Vie 24.05.2013

SOCIEDAD  › OPINION

Justicia y transparencia

› Por Washington Uranga

Los hechos comprobados de abusos sexuales en el seno de la Iglesia Católica han provocado ya gran cantidad de escándalos y siguen acarreando desprestigios y daño a la institución eclesiástica. Aquí y en muchas partes del mundo. Tomando como base los testimonios presentados en un libro de reciente aparición, Página/12, con la firma de Mariana Carbajal se hizo eco, en su edición del domingo último, de una nueva denuncia de acosos sufridos por estudiantes de un colegio católico de Turdera conducido por la congregación de los padres palotinos (rama alemana). No habría en esto ninguna novedad. Lo diferente surge a partir de la actitud adoptada tanto por el superior provincial de la congregación religiosa, Rubén Fuhr, como por el obispo de Lomas de Zamora, Jorge Lugones. El primero pidió a la Justicia que investigara los hechos denunciados y que se aplicara la ley en todo su rigor, que se buscara la justicia. El segundo, basándose en lo actuado por el religioso, no sólo lo respaldó, sino que se encargó de hacer público este apoyo a través de todos los canales que la Iglesia tiene para comunicarse con la sociedad.

En rigor, no es la primera vez que la propia Iglesia a través de sus autoridades toma el camino de denunciar ante la Justicia a presuntos acosadores. Pero el cambio de actitud consiste más bien en salir hacia la sociedad a reconocer el problema y a enfrentar la situación. En el lenguaje cotidiano, “a dar la cara”. No ha sido ésta la disposición que ha tenido hasta ahora la Iglesia, muchos menos sus obispos, frente a este tipo de circunstancias, pero tampoco ante señalamientos sobre complicidades con violaciones a los derechos humanos en otros tiempos. Por el contrario, el camino recorrido ha sido el de ocultar, callar, disimular y, cuando fue posible, entorpecer el accionar de la Justicia y eludir responsabilidades institucionales.

Más allá de que los hechos puedan finalmente resultar comprobados judicialmente y, si así fuera, merecedores de todo repudio y condena, es saludable que la institución reaccione de la manera que lo hizo en esta oportunidad. Es bueno para la sociedad, pero también lo es para la propia Iglesia Católica.

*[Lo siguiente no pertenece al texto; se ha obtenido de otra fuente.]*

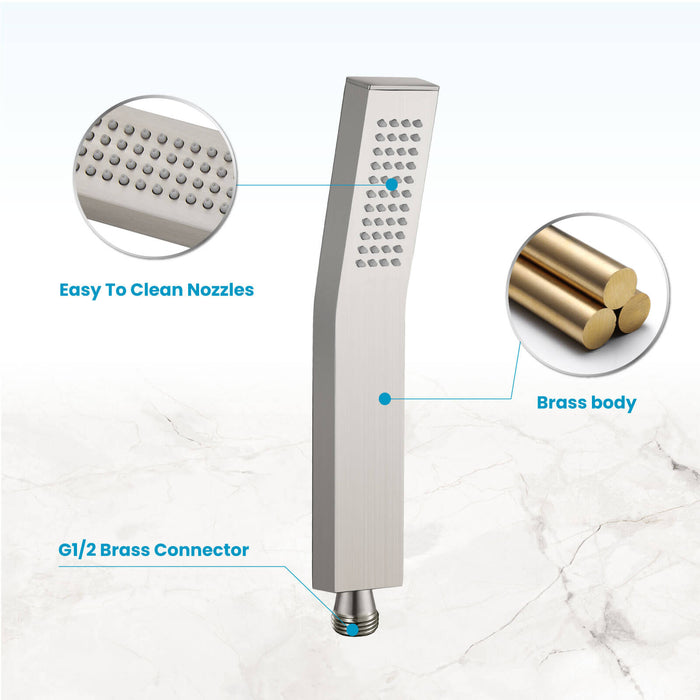 Gotonovo Brass L-Style Handheld Shower High Pressure Single Function Luxury Hand Shower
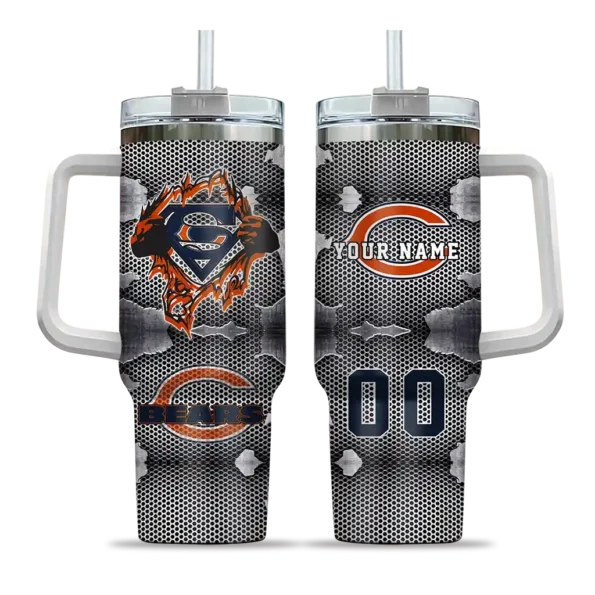 custom chicago bears superman shield blue gray curved tumbler best selling.webp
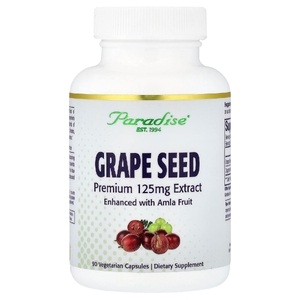 Paradise Herbs, экстракт виноградных косточек с амлой, 90 вегетарианских капсул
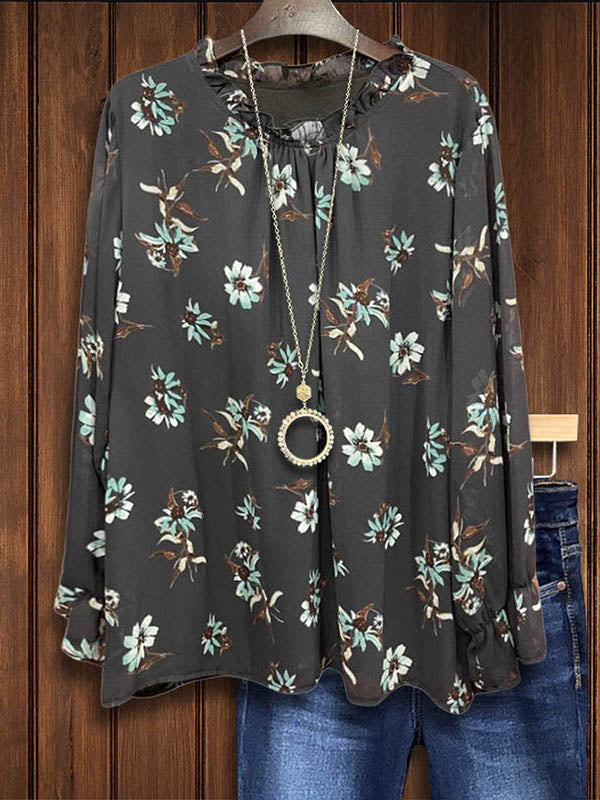 Floral Print Ruffled Casual Blouse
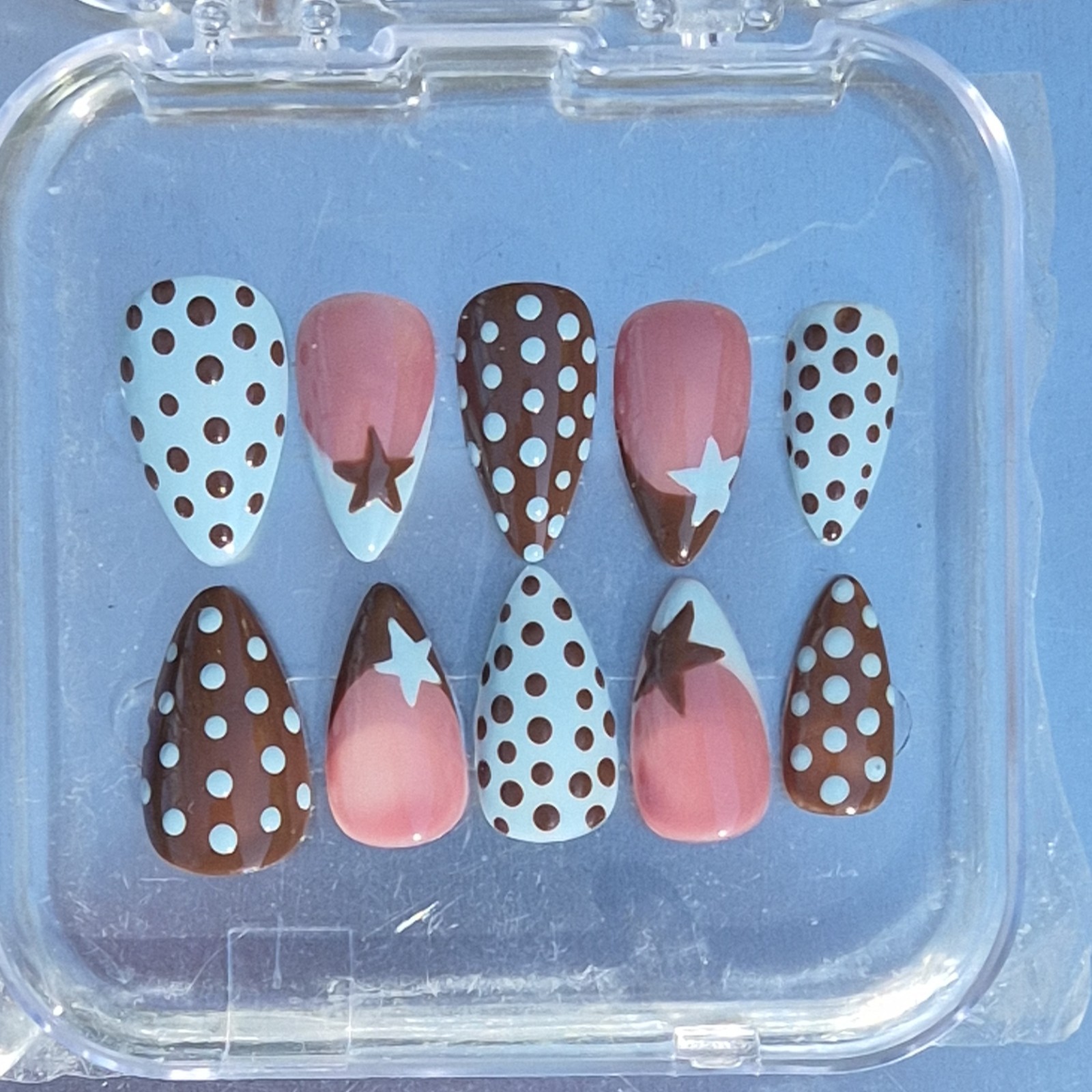 Blue Brown Pink White Star Polka Dot Almond Press-On Nails Medium Full Cover Set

Seguramente en este caso ha influido la perspectiva pastoral y la trayectoria tanto del sacerdote Fuhr, en su condición de superior de la congregación, como del obispo Lugones. A ambos se los reconoce como personas preocupadas por la coherencia entre el decir, el predicar y el hacer en su actividad eclesiástica. Pero además habría que considerar que desde Roma y con sus actitudes firmes frente a los pedófilos y a quienes los han amparado (obispos, arzobispos y cardenales) el papa Francisco está fijando criterios y pautas de comportamiento para toda la Iglesia. También cuando reclama transparencia en la vida de la institución eclesiástica. En este y en otros aspectos, con su modo de actuar Francisco está promoviendo un clima diferente para la vida de la Iglesia Católica y ello puede, por un lado, suscitar nuevas actitudes y, por otro, invitar a sacar de la opacidad ciertas prácticas eclesiásticas que siempre se movieron en las penumbras.

Queda por cierto planteada la necesidad de revisar las condiciones que permiten que los abusos sexuales que han dado motivo a las denuncias sigan ocurriendo en el seno de la institución eclesiástica. Este es, en realidad, el problema más grave y la cuestión de fondo, la raíz del mal. Pero, mientras tanto, es bueno reconocer que se actúe institucionalmente de la manera que se hizo frente a una denuncia.

Quizá también éste pueda ser un antecedente que invite a que, en relación con el tema de derechos humanos y la información que eventualmente pueda obrar en archivos eclesiásticos, se pueda actuar en el mismo sentido. Abrir los archivos, facilitar la información, ayudar a la Justicia sería también una forma de iniciar un camino de reconciliación entre la institución eclesiástica y buena parte de la sociedad.